Santa Comba é uma cidade localizada na comunidade autônoma da Galiza (também conhecida como Galícia), na Espanha. A despeito de possuir uma extensão de 203 mil km², aproximadamente, não é muito povoada. Seus pouco mais de 10 mil moradores lhe conferem uma densidade populacional de uns 52 hab/km² (apenas para efeito de comparação, Salvador-Ba [que é onde moro], tem menos de 3 vezes sua extensão [uns 700 mil km²] e mais de 2 milhões de habitantes, o que lhe confere uma consequente densidade de mais de 3 mil hab/km²).


Pois bem, há alguns meses, ganhei um livro de presente de meus parentes da Espanha intitulado "ATOMÉ - O debuxante e humorista de Santa Comba". Este livro foi trazido por minha irmã Cristiana em mais uma de suas infinitas viagens pelo planeta e é todo escrito em galego (língua, obviamente, falada na Galícia) e trata da vida de um chargista e caricaturista espanhol até então desconhecido para mim, denominado Atomé. 


Atomé, cujo nome de batismo era Antonio Tomé Taboada, nasceu em Santa Comba, em 1914, de pai médico e do qual herdou a profissão. Sim, o chargista era médico. Se formou na atividade pela Facultade de Medicina de Santiago de Compostela e exerceu a profissão durante toda a vida, tendo nela não apenas um meio de ganhar dinheiro, mas uma vocação - que lhe permitia ajudar todas as pessoas que porventura precisassem de seus serviços (inclusive, por vezes, atendendo pacientes mais pobres gratuitamente). 



1 - Dr. Antonio Tomé Taboada, 2 - Atomé por Xosé Gómez Rubio, 3 - Atomé por ele mesmo, pouco antes de seu falecimento.

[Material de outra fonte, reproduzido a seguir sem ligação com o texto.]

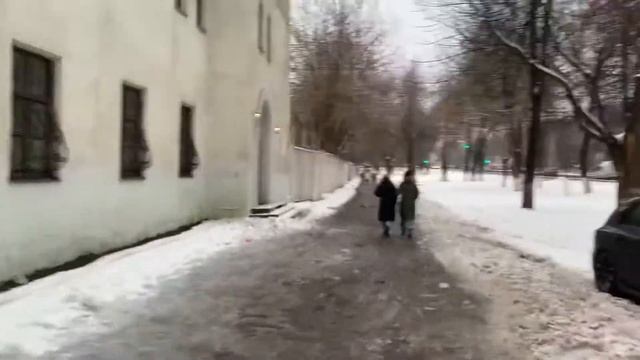 My Russian walk to the Podolsk mall | What have I achieved already?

Mas mesmo tendo como ocupação principal a medicina, o Dr. Atonio Tomé Taboada tinha na atividade artística sua segunda grande vocação. Como sugere a época de registro de alguns trabalhos seus, seu entrosamento com esta atividade iniciou-se antes mesmo de sua formação acadêmica e conforme ele mesmo esclareceu em uma entrevista de 1965 ao lhe perguntarem sobre quando havia começado:
- Desde siempre. Pero hasta hace poco tiempo, no me he decidido a presentarla ao público. 

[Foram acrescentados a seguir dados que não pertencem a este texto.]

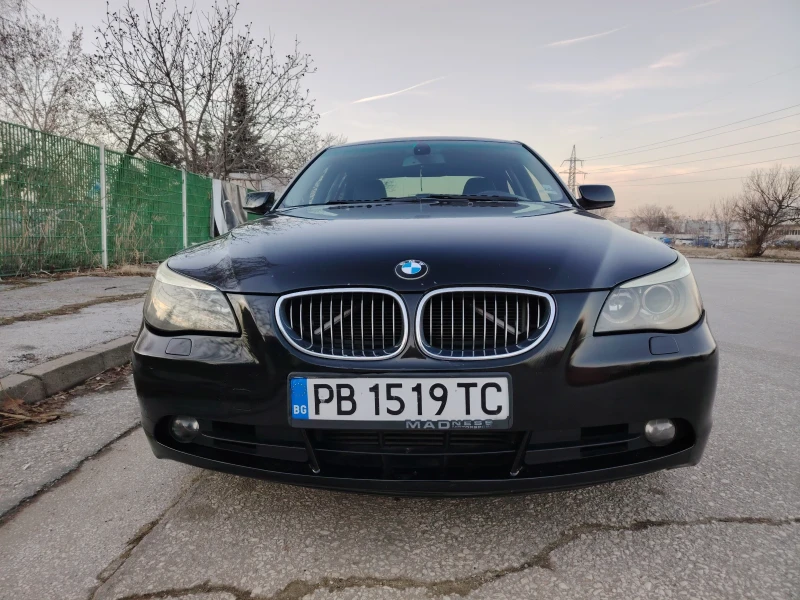 BMW 530, снимка 6 - Автомобили и джипове - 48622077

Assim, Atomé era um artista nato, inclinado muito mais para a arte gráfica humorista como a charge e a caricatura - ainda que pintasse naturalmente temas mais realistas em aquarela e também escrevesse os textos bem-humorados (conhecidos por lá como "paroladas", algo como conversas ou tagarelices em tradução livre) que acompanhavam suas charges. Às vezes, esses textos eram maiores, como crônicas, e eram acompanhados de um desenho que ilustrava a ideia principal.


Segundo o livro "ATOMÉ - O debuxante e humorista de Santa Comba", sua primeira exposição individual que se tem notícia foi em uma vitrine de loja em 1935, então com, aproximadamente, 21 anos. Tratava-se de uma "coletânea" de suas primeiras caricaturas e que tinham como modelo seus colegas e professores da universidade ("Me pedían que les hiciesse caricaturas, y a mí no me costaba ningún trabajo complacerlos"). As mais antigas que ainda existem, porém - pois muito de seu trabalho com o tempo foi perdido -, "retratava" seus vizinhos Florentino del Rio e Julia Negreira e datam de quando tinha apenas 19 anos, e estão mostradas logo abaixo. 

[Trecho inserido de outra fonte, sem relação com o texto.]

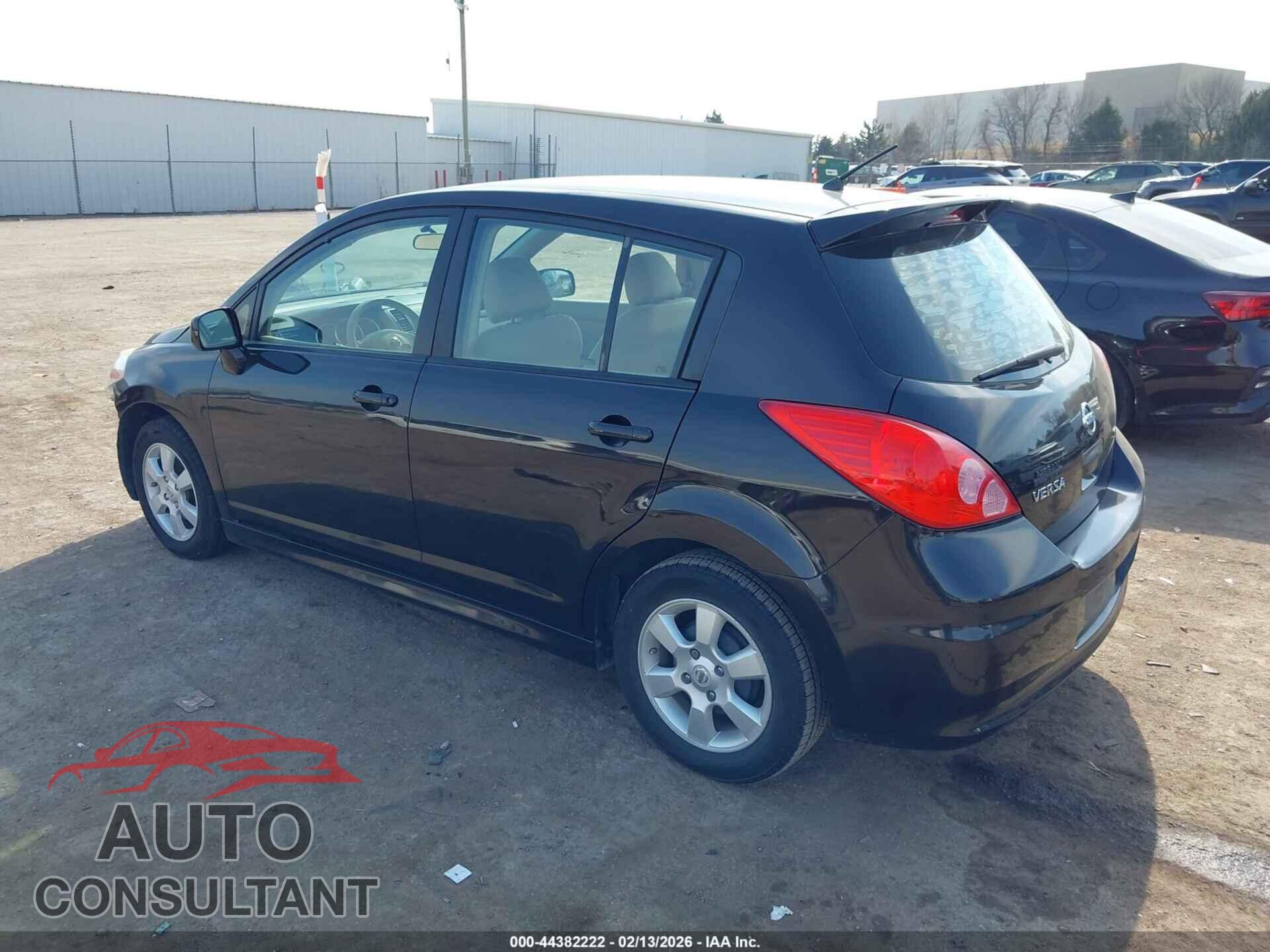 NISSAN VERSA 2011 - 3N1BC1CP3BL505182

1 - Florentino del Río, 2 - Julia Negreira (as caricaturas mais antigas elaboradas por Atomé ainda existentes)


Naquela época ainda assinava apenas com seu primeiro sobrenome (que lá eles chamam de apelidoTomé, mas durante algum tempo variou sua assinatura entre Tomé e A. Tomé (desta forma mesmo, com as grafias separadas) até que um dia, quando de uma publicação duma caricatura de sua autoria no jornal El Ideal Gallego, seu nome apareceu escrito errado: Atomé. A partir desse instante, o próprio artista definiu como seria sua denominação de ali para diante. Passou a assinar Atomé em todos os trabalhos posteriores graças a esta "gafe" tão oportuna cometida pelo jornal. El Ideal Gallego, aliás, foi o impresso para o qual mais colaborou, mesmo tendo passado também por outros como El Correo Gallego e La Noche (além de revistas como Chan e Medicina Rural), e o que mais lhe rendeu popularidade pelo fato de este ser, dentre eles, o de maior difusão. 


O trabalho de Atomé, era baseado, em geral, em temas sociais e do cotidiano. Pelo que percebi, o assunto "política" não era seu tema central. Talvez, por isso, suas criações não tenham sido censuradas durante o período do governo Franquista, que durou de 1969 a 1975 (pelo menos, o livro não explicita isso). Mas outros chargistas/desenhistas como Castelao e Ribas foram obrigados a se retirar da Espanha para não correrem o risco de serem presos e, outros, coagidos a moldar seu trabalho para estar em conformidade com o perfil da ditadura do general Francisco Franco. 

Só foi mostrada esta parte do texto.